START Material shown

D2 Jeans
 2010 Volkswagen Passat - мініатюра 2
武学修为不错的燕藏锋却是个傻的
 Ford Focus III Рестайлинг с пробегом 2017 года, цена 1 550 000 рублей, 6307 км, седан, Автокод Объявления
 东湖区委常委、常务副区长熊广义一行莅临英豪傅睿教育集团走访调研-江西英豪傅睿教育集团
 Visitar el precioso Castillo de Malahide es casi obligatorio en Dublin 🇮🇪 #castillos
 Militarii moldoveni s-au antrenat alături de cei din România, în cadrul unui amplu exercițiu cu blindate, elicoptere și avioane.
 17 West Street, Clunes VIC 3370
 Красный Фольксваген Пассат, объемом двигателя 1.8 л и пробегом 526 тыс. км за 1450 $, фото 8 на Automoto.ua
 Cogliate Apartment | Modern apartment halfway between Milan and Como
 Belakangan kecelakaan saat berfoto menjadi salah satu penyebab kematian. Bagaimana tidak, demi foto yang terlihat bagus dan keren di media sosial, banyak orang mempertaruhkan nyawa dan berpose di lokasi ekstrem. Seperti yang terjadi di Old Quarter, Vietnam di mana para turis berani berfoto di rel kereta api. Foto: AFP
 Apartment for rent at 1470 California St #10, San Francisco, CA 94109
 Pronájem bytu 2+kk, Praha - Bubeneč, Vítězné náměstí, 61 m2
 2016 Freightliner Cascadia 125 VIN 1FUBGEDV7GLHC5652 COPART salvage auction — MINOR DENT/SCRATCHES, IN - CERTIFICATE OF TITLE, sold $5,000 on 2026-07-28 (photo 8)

END Material shown

▶ _Task instructions_
From the line that has "武学修为不错的燕藏锋却是个傻的" through the line that has "Militarii moldoveni s-au", copy every line exactly as it appears above, and leave out all others.

▶ _Solution for this exercise_
武学修为不错的燕藏锋却是个傻的
 Ford Focus III Рестайлинг с пробегом 2017 года, цена 1 550 000 рублей, 6307 км, седан, Автокод Объявления
 东湖区委常委、常务副区长熊广义一行莅临英豪傅睿教育集团走访调研-江西英豪傅睿教育集团
 Visitar el precioso Castillo de Malahide es casi obligatorio en Dublin 🇮🇪 #castillos
 Militarii moldoveni s-au antrenat alături de cei din România, în cadrul unui amplu exercițiu cu blindate, elicoptere și avioane.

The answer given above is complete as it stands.